World News


Armenian Insecurity and the #SaveKessab Campaign

In what was an inadvertent statement on the sad state of news, it took a tweet from Kim Kardashian (no intro needed) for the #SaveKessab movement to garner some real attention. The hashtag is in reference to Kessab, Syria where on March 21 rebel groups took over and forced the majority of the city’s 2,000 Armenians living in the city to flee to Latakia city, some 57 km away. Early on, there were reports of Armenians being killed and Armenian churches being vandalized.

However, the reports have yet to be verified, despite protests from Armenians, both inside and outside of Syria, who have demanded investigations on the happenings in Kessab. This is also not the first time that Armenians have been forced to flee during the Syrian civil war.
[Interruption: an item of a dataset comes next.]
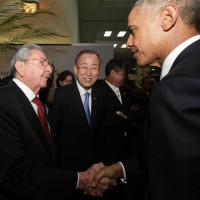11 aprile 2015, presidente Usa Barack Obama e leader cubano Raul Castro. Summit delle Americhe a Panama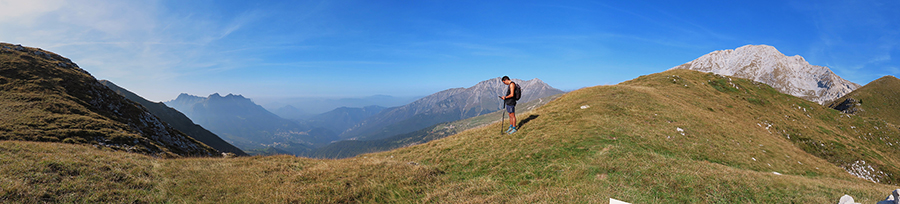 Alla Bocchetta di Cimetto (1935 m) con vista a sud verso la conca di Oltre il Colle e i suoi monti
Aleppo, Syria, a relative melting pot for the country’s minorities, was on the front lines of battles between pro-Assad and rebel forces and included a significant Armenian population. There, an estimated 10,000 Armenians fled and churches were destroyed.

The most aggressive reports on the situation in Kessab, from Armenian newspapers like Asbarez, have claimed that churches have been desecrated and 80 Armenians have been killed. Some of those who fled even claimed that artillery was fired from the Turkish side of the border.

Armenian President Sarkisian even called it the “third expulsion of Armenian from Kessab” in reference to the Armenian genocide in 1915 and Turkey’s forced expulsions in 1909. Turkey has vehemently denied the claims, calling it “totally unfounded and untrue.”

Regardless of the extent of the problem, it is quite clear that Syria’s minorities are increasingly insecure as the situation in Syria continues to deteriorate. The fact is Kessab’s residents were forced out of their homes and returning is a faraway prospect when the infamous al-Nusra front is patrolling the streets of where you once lived. During most of the crisis, Syria’s minority silently supported the Assad regime, believing his less than ideal protection is better than the risk of having an even more violent extremist group take over the country. Yerevan has yet to declare a side, fearing any sign of support for Assad could compromise the safety of Armenians still in Syria.

Here in the United States, State Department Deputy Spokesperson Marie Harf said the U.S. is “deeply troubled by recent fighting and violence that is endangering the Armenian community in Kessab.” The lack of detail in her comments show the difficulty for the U.S. in verifying the claims coming out of Syria, including the gruesome videos posted by various groups that lack dates and locations but are often attributed to very specific events. Despite this, there has been bipartisan support from the U.S. Congress for the White House to make a stronger statement on Kessab.

Regardless of the fluid nature of the updates coming out of Syria, the fact is the situation in Kessab deserves more than a tweet from Kim Kardashian and a trending hashtag. Hopefully, our 24 hours news cycle can provide the Syrian civil war the attention it deserves once again.